#### Directions for this task:
Copy the records below exactly, from the line containing "abordables Années 1950-mocassins" through the last line, and leave out every picture.

========

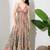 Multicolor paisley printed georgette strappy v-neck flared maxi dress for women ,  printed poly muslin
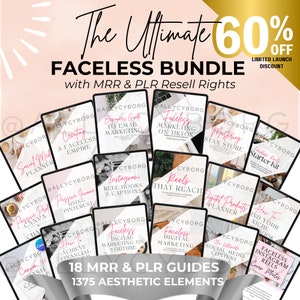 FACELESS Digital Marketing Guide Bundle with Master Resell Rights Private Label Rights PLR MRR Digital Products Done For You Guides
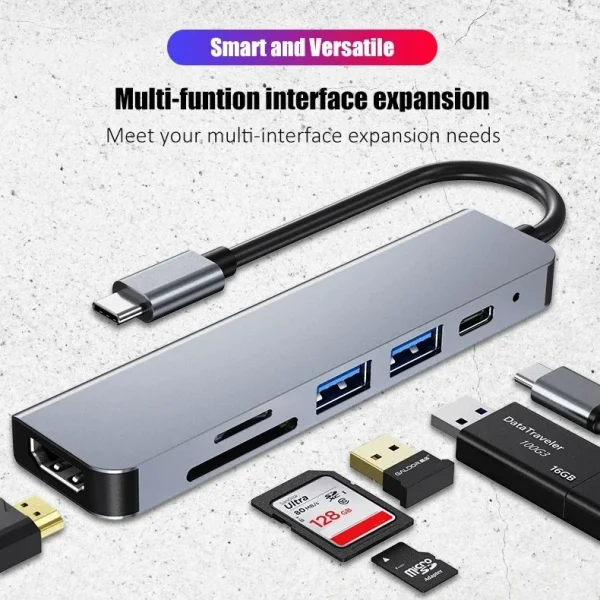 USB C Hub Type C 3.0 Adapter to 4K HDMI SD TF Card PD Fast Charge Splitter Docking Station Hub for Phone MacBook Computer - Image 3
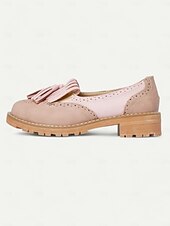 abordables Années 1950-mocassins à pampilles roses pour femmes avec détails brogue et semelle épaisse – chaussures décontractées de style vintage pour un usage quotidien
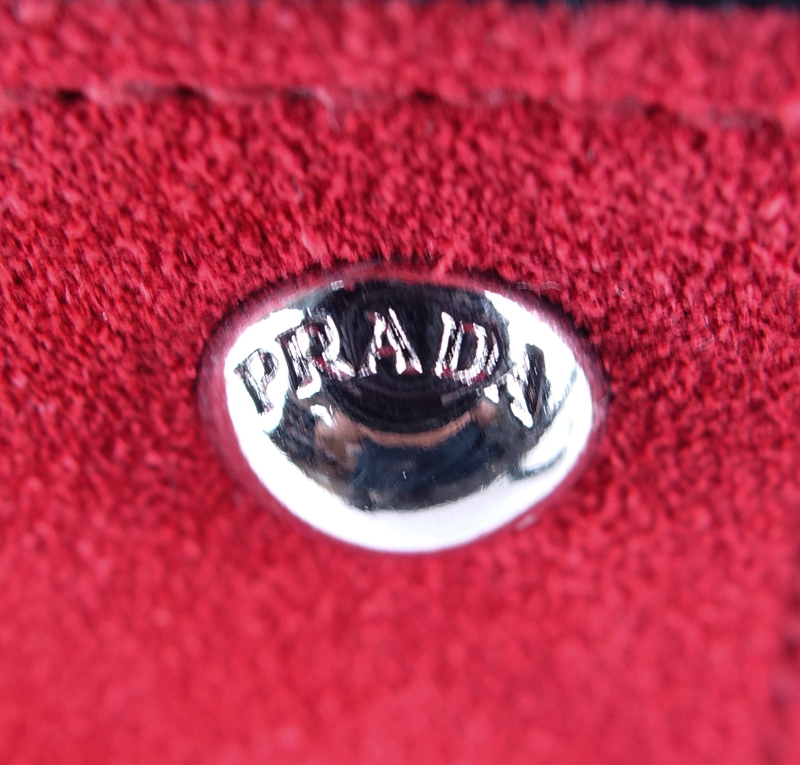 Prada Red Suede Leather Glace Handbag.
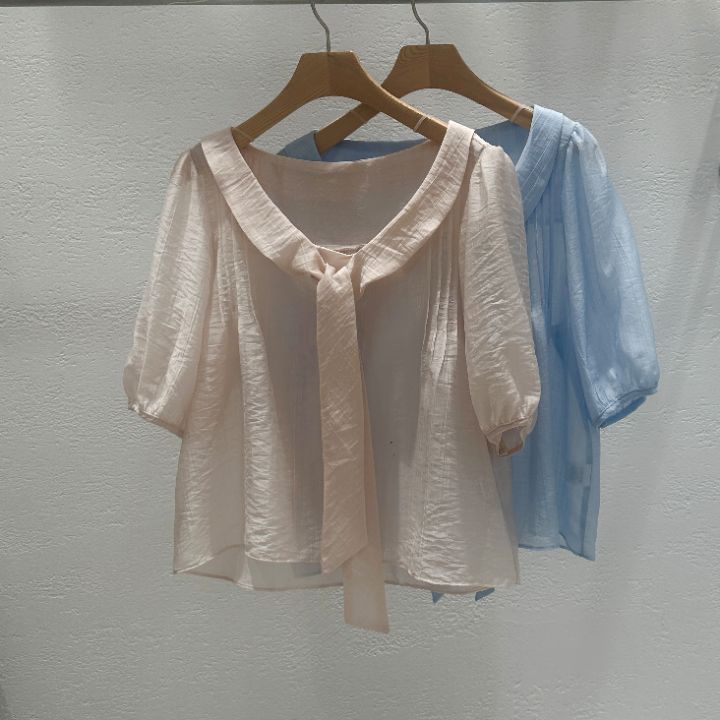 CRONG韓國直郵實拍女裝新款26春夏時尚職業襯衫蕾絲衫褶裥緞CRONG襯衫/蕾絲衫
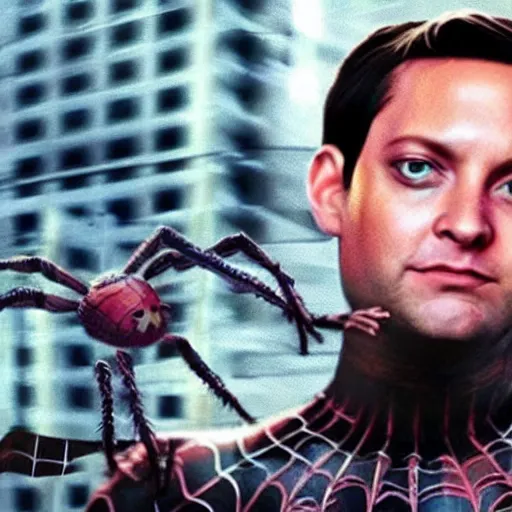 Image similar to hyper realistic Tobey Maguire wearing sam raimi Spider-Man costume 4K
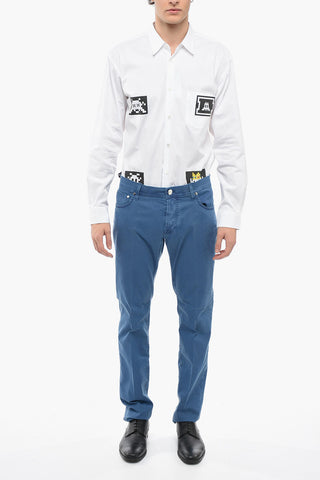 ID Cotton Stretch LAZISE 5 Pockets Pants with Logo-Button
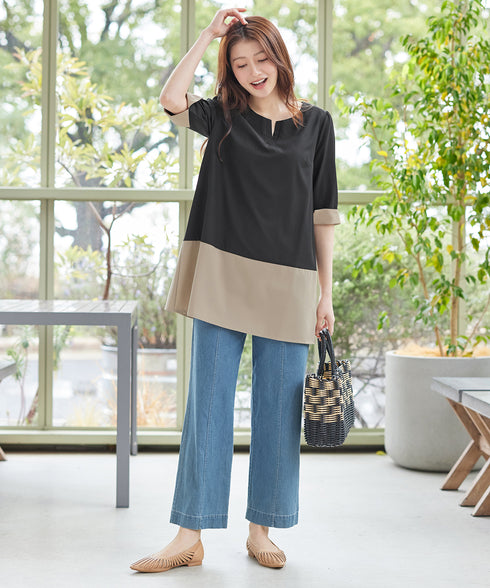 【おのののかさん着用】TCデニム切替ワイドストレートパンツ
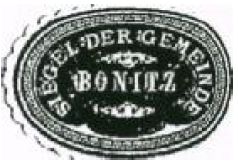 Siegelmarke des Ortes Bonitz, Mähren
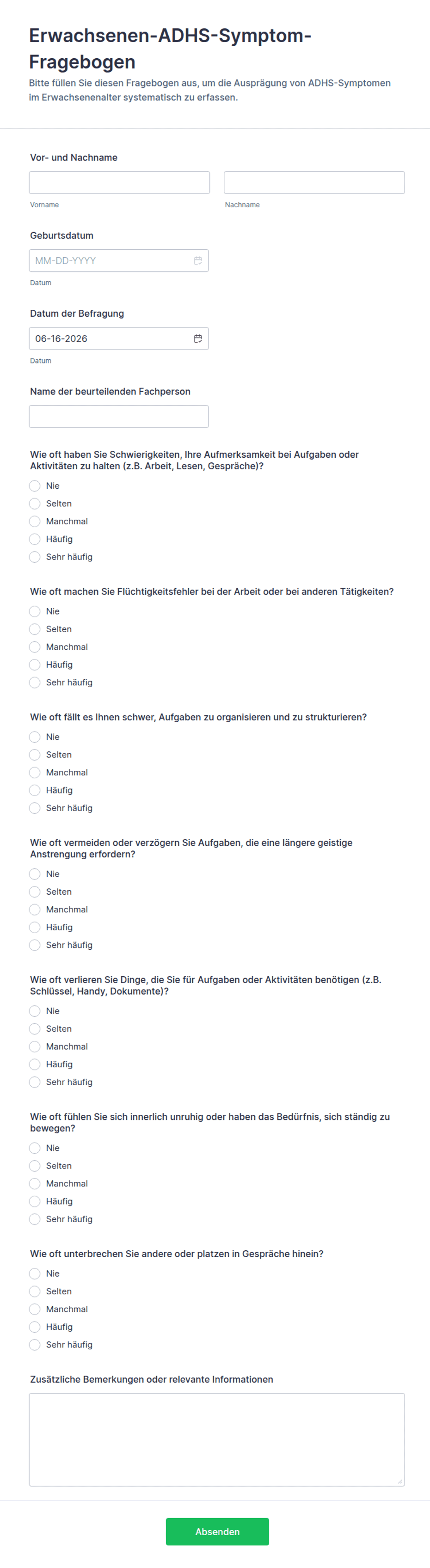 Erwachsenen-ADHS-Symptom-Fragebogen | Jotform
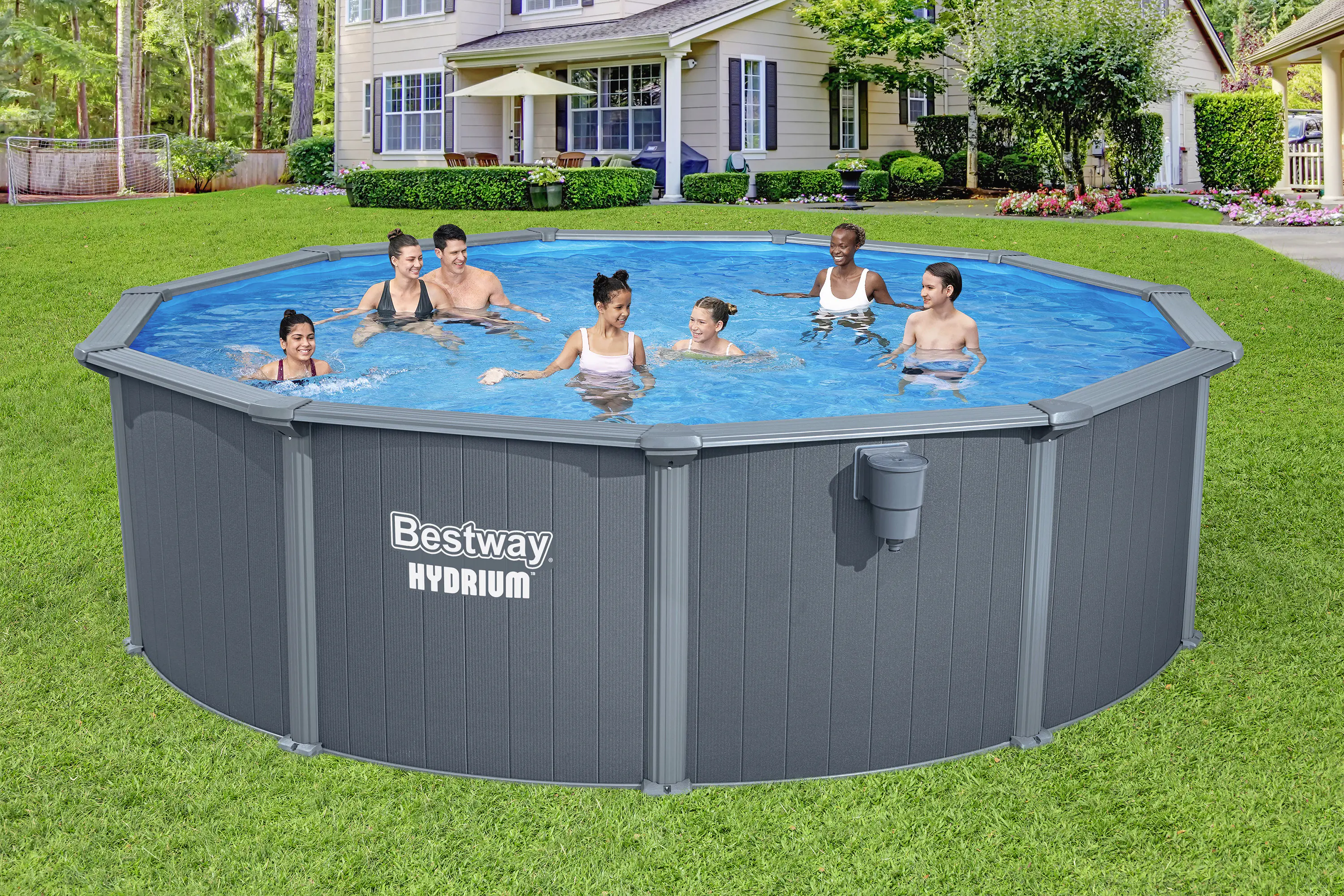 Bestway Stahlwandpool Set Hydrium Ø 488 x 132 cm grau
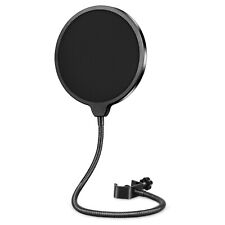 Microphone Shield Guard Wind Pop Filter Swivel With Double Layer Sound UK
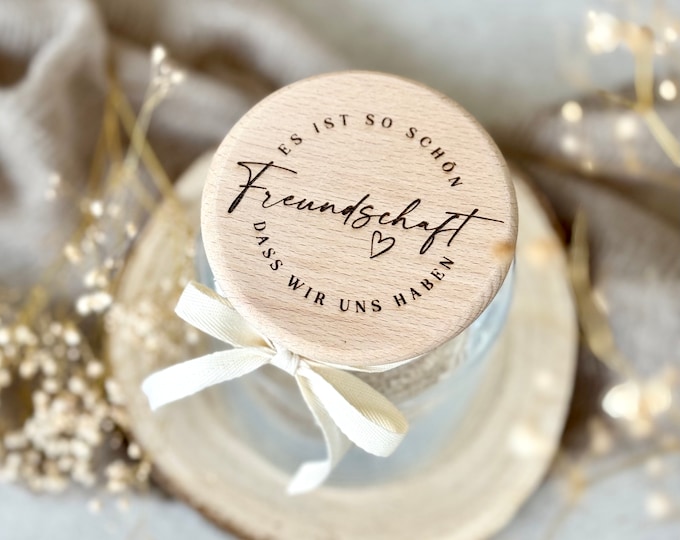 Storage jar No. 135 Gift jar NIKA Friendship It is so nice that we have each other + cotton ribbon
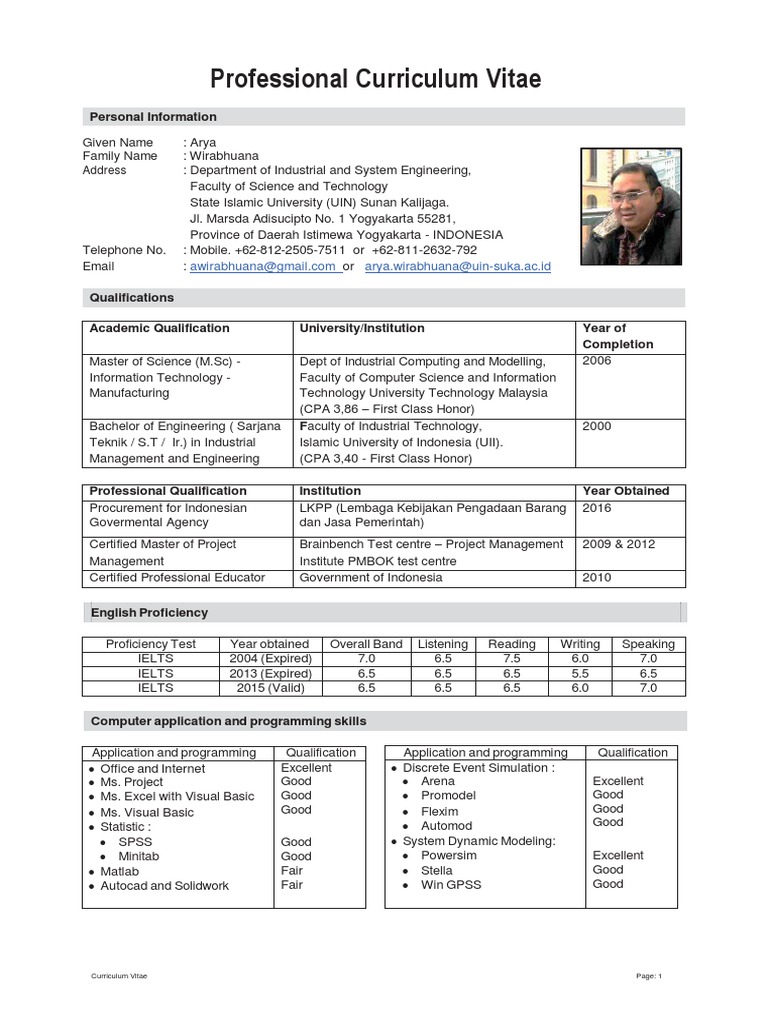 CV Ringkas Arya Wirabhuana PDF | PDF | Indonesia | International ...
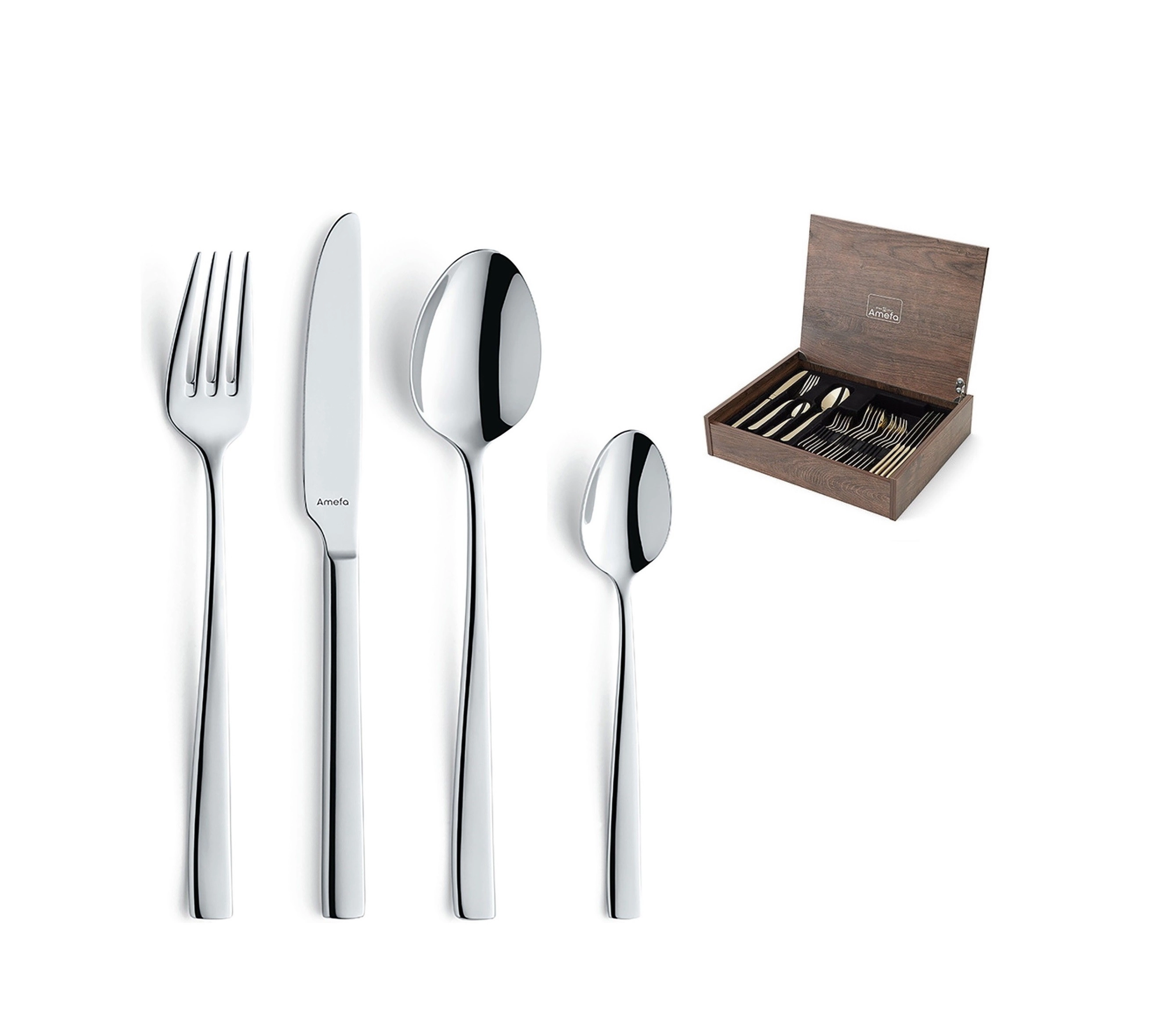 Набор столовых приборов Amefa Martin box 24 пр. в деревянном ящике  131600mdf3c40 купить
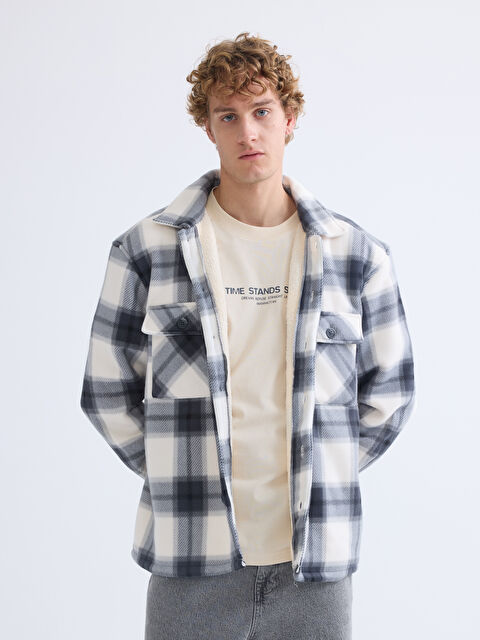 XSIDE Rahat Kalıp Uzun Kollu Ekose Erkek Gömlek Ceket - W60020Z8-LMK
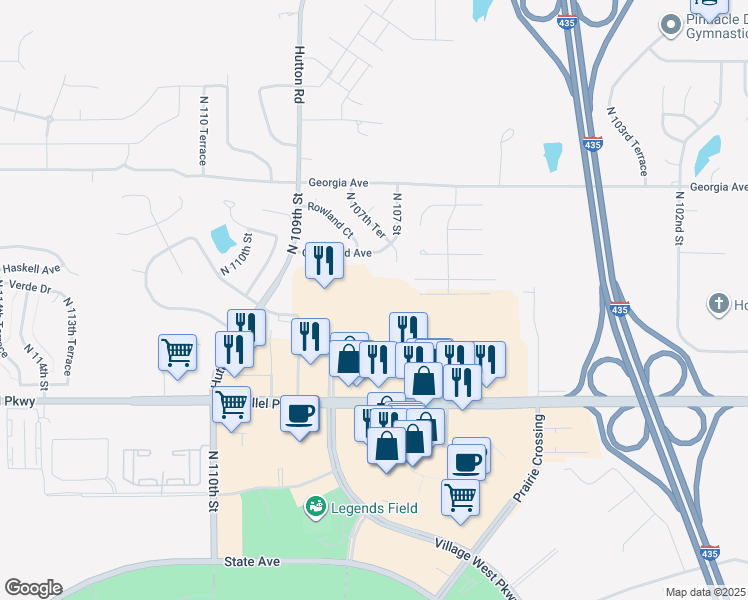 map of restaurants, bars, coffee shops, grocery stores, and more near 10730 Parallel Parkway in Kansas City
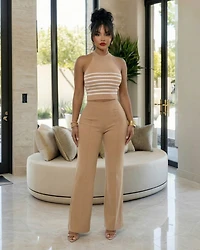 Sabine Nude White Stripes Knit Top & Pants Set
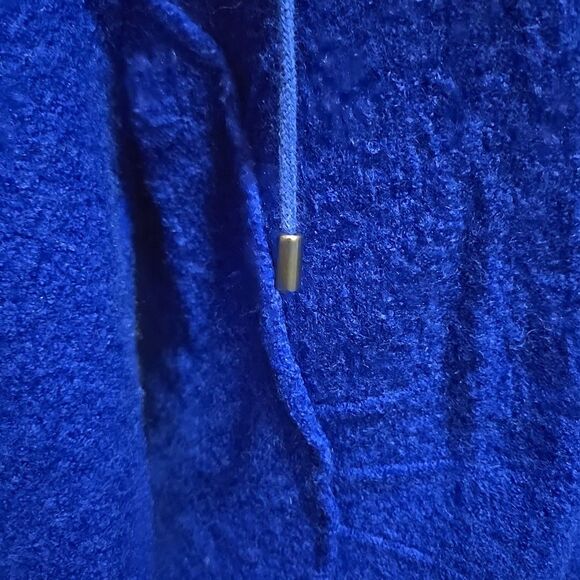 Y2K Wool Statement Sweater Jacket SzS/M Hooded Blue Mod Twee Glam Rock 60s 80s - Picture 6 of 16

========

#### Solved problem:
 abordables Années 1950-mocassins à pampilles roses pour femmes avec détails brogue et semelle épaisse – chaussures décontractées de style vintage pour un usage quotidien
 Prada Red Suede Leather Glace Handbag.
 CRONG韓國直郵實拍女裝新款26春夏時尚職業襯衫蕾絲衫褶裥緞CRONG襯衫/蕾絲衫
 Image similar to hyper realistic Tobey Maguire wearing sam raimi Spider-Man costume 4K
 ID Cotton Stretch LAZISE 5 Pockets Pants with Logo-Button
 【おのののかさん着用】TCデニム切替ワイドストレートパンツ
 Siegelmarke des Ortes Bonitz, Mähren
 Erwachsenen-ADHS-Symptom-Fragebogen | Jotform
 Bestway Stahlwandpool Set Hydrium Ø 488 x 132 cm grau
 Microphone Shield Guard Wind Pop Filter Swivel With Double Layer Sound UK
 Storage jar No. 135 Gift jar NIKA Friendship It is so nice that we have each other + cotton ribbon
 CV Ringkas Arya Wirabhuana PDF | PDF | Indonesia | International ...
 Набор столовых приборов Amefa Martin box 24 пр. в деревянном ящике  131600mdf3c40 купить
 XSIDE Rahat Kalıp Uzun Kollu Ekose Erkek Gömlek Ceket - W60020Z8-LMK
 map of restaurants, bars, coffee shops, grocery stores, and more near 10730 Parallel Parkway in Kansas City
 Sabine Nude White Stripes Knit Top & Pants Set
 Y2K Wool Statement Sweater Jacket SzS/M Hooded Blue Mod Twee Glam Rock 60s 80s - Picture 6 of 16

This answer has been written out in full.